* [Exercise objective] Return only that part of the material below which starts with the line containing "Io sono la Morte B0927H1T3P Book Cover" and goes on through the line containing "NWT Kortni Jeane Latter Back", restated exactly.

* [Extracted data]
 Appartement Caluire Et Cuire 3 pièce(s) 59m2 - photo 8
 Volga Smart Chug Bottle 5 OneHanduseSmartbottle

--

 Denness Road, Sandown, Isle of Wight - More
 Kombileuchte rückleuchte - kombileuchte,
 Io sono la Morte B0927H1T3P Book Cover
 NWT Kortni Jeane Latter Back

---

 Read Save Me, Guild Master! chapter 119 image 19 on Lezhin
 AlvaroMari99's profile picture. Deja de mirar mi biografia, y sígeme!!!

* [Result for this task]
 Io sono la Morte B0927H1T3P Book Cover
 NWT Kortni Jeane Latter Back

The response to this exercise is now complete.